How to complete this task: The answer should be one number, the count of lines in the data with "Size".
START Provided entries
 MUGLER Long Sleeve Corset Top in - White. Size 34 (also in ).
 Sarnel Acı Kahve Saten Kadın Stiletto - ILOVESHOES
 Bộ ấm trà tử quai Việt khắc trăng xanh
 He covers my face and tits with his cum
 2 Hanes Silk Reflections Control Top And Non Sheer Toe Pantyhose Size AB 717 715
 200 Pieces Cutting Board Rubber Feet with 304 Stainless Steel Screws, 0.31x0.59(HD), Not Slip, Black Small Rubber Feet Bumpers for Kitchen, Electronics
END Provided entries
START Provided entries
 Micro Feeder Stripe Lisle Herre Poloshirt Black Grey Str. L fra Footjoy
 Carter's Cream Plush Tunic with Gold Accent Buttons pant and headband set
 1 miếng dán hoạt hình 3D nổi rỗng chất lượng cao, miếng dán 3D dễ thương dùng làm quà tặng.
END Provided entries
START Provided entries
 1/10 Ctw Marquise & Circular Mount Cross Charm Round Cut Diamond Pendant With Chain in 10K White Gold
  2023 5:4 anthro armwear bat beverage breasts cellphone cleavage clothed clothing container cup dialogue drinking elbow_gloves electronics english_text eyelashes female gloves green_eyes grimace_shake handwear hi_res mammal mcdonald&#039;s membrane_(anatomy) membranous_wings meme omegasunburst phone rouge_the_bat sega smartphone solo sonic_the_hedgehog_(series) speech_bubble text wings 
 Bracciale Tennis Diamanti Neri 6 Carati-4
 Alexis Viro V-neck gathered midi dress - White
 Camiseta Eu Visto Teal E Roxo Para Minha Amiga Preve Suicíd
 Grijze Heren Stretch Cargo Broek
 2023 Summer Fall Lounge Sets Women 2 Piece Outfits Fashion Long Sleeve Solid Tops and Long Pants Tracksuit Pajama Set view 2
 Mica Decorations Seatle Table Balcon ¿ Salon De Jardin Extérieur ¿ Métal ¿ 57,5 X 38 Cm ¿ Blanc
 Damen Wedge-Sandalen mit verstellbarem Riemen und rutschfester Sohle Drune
END Provided entries
Solution to this task: 2